▼▼▼

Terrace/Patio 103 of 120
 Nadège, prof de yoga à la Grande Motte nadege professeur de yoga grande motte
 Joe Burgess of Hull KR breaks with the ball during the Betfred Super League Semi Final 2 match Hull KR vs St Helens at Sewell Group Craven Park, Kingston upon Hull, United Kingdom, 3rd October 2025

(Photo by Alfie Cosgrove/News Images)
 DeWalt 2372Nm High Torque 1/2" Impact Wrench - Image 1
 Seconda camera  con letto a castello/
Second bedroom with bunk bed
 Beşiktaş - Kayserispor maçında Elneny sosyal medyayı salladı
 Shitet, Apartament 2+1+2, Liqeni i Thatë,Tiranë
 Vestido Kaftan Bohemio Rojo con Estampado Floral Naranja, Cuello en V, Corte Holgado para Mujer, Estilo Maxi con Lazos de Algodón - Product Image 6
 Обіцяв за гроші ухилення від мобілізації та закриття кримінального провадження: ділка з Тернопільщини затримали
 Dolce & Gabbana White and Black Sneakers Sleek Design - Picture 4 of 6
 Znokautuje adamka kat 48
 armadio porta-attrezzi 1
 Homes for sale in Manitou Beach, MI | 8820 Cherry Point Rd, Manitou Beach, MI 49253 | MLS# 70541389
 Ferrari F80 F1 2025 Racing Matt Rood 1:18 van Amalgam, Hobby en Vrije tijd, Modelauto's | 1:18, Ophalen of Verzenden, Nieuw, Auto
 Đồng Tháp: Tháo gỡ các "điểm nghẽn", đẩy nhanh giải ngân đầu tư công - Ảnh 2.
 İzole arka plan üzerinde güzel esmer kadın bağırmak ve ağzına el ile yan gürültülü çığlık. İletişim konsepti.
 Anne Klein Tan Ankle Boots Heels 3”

▲▲▲

YOUR TASK. In the answer, every line above should be retyped exactly.

RESPONSE TO THIS TASK.
Terrace/Patio 103 of 120
 Nadège, prof de yoga à la Grande Motte nadege professeur de yoga grande motte
 Joe Burgess of Hull KR breaks with the ball during the Betfred Super League Semi Final 2 match Hull KR vs St Helens at Sewell Group Craven Park, Kingston upon Hull, United Kingdom, 3rd October 2025

(Photo by Alfie Cosgrove/News Images)
 DeWalt 2372Nm High Torque 1/2" Impact Wrench - Image 1
 Seconda camera  con letto a castello/
Second bedroom with bunk bed
 Beşiktaş - Kayserispor maçında Elneny sosyal medyayı salladı
 Shitet, Apartament 2+1+2, Liqeni i Thatë,Tiranë
 Vestido Kaftan Bohemio Rojo con Estampado Floral Naranja, Cuello en V, Corte Holgado para Mujer, Estilo Maxi con Lazos de Algodón - Product Image 6
 Обіцяв за гроші ухилення від мобілізації та закриття кримінального провадження: ділка з Тернопільщини затримали
 Dolce & Gabbana White and Black Sneakers Sleek Design - Picture 4 of 6
 Znokautuje adamka kat 48
 armadio porta-attrezzi 1
 Homes for sale in Manitou Beach, MI | 8820 Cherry Point Rd, Manitou Beach, MI 49253 | MLS# 70541389
 Ferrari F80 F1 2025 Racing Matt Rood 1:18 van Amalgam, Hobby en Vrije tijd, Modelauto's | 1:18, Ophalen of Verzenden, Nieuw, Auto
 Đồng Tháp: Tháo gỡ các "điểm nghẽn", đẩy nhanh giải ngân đầu tư công - Ảnh 2.
 İzole arka plan üzerinde güzel esmer kadın bağırmak ve ağzına el ile yan gürültülü çığlık. İletişim konsepti.
 Anne Klein Tan Ankle Boots Heels 3”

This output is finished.